Chloe Marshall—administrative assistant to a senator and a freshman at Cal State in Los Angeles—has always experienced preternatural occurrences. Sometimes the song on the radio will reflect the exact thought she’s having. Sometimes this happens three times in a row. She’s never told her conservative Christian mother about this of course. Her mother just wants Chloe to get a degree so she can get a good-paying job. She gives Chloe grief just for taking an African- American studies class. Something in the class sends Chloe’s mysterious powers into overdrive. When researching a project on Adam Clayton Powell Jr., she is momentarily swept back into the pastor’s Harlem. Later, in a Candomblé ritual with one of her classmates, she is told by a spirit, “Look for Oya, Exu and Ayodele.” Meanwhile, across the gulf of time, Ayodele of Igbogila is captured by enemy Dahomey tribesmen and sold into slavery to their white allies. Both Chloe and Ayodele will have to find faith in the religion of the Orisha—the gods of Africa—in order to overcome the troubles in their own eras and to reunite in what proves to be a family reunion across time. Johnson writes in a punchy, conversational prose that hews close to the voices of her characters: “None of her advisors had a clue about what was going on inside her. Everyone wanted to play it safe. Whatever happened to the ‘Give me liberty or give me death’ mentality?” The use of shifting perspectives, multiple timelines, and African-American spiritualism lends the book a distinctive charm, though the plot takes a while to truly get moving. Johnson follows secondary characters down narrative cul-de-sacs that distract from the larger story, and readers must reach 100 pages before anything truly fantastic happens. Though some of the dialogue borders on the didactic, readers looking for a mix of western African mysticism and speculative fiction should enjoy this work, the first installment of a series.
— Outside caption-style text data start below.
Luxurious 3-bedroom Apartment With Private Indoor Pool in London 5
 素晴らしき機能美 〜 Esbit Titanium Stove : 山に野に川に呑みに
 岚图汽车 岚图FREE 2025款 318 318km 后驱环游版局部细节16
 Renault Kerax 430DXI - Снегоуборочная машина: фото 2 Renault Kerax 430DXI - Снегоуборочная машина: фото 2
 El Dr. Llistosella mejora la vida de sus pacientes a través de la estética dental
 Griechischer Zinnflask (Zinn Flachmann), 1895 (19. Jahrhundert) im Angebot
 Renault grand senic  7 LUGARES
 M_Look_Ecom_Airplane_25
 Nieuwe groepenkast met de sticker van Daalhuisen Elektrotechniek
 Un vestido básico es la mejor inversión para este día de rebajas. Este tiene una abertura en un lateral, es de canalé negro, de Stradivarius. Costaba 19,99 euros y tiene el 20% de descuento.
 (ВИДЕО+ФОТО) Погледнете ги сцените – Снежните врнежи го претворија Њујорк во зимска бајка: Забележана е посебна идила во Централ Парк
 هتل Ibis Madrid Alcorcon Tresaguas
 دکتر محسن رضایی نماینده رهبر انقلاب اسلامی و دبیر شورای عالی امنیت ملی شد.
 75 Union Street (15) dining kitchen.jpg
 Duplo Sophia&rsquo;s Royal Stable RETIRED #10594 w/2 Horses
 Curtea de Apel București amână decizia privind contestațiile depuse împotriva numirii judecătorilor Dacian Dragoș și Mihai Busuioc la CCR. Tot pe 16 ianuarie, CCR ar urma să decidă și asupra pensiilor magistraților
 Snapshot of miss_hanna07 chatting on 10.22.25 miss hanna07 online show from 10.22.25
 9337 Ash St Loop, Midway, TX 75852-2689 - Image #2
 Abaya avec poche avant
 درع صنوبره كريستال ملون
An appealing Afrocentric time-travel tale, hampered by a sluggish pace.

In Johnson’s (The Crossroads of Time, 2015, etc.) YA fantasy, an apprentice mage, searching for a possible cure to an epidemic, stumbles upon a nefarious plan at the atomic level.

It seems that a notoriously deadly purple plague has started to appear in Hadley Town. But the news is even worse for 14-year-old resident Jawan, the apprentice to the earth-mage Myrlo for the past eight years, as he learns that his parents’ house has been specifically quarantined. Determined to find a cure, he peruses his master’s research under a nanoscope and finds himself literally drawn in—that is, he mysteriously shrinks and winds up inside the cryptically labeled culture. It turns out that a fermion named Pym has summoned him to Nanosia, believing he’s the prophesied Big One from the Big World who’ll defeat Antipan, the ruler of the Realm of Chaos. Meanwhile, back in the larger world, fire-mage Elveston has a device that he claims will cure the plague. But he may have another scheme in mind involving the creation of pure energy with the help of his “accidental creation,” Gelic, a positron in Nanosia. The fact that positrons are unstable, though, could mean devastation for both worlds. To keep Nanosia from falling into disarray, Jawan may have to turn to something even more powerful and dangerous. The educational value of Johnson’s story is hard to miss: numerous characters are subatomic particles, which will pique the interest of younger readers who may be unfamiliar with bosons or gamma rays. But the author also stays true to the fantasy genre with her plot complications and characterizations: Jawan finds that getting back to the Big World is far from a simple task, and the villain Elveston is shown to be cruel to his journeyman (Jawan’s pal Loby) and distrusted by other elemental mages. The breezy prose is often humorous, especially when describing Jawan’s conspicuousness—he doesn’t spin or orbit like other Nanosians. There are also a few surprises, including the reason why Jawan feels that some of the subatomic folks that he meets (including the titular Queen Quanta) look familiar. Unfortunately, not everything gets resolved by the end—although this may indicate a potential sequel.

A creative tale which makes its fantasy science fun.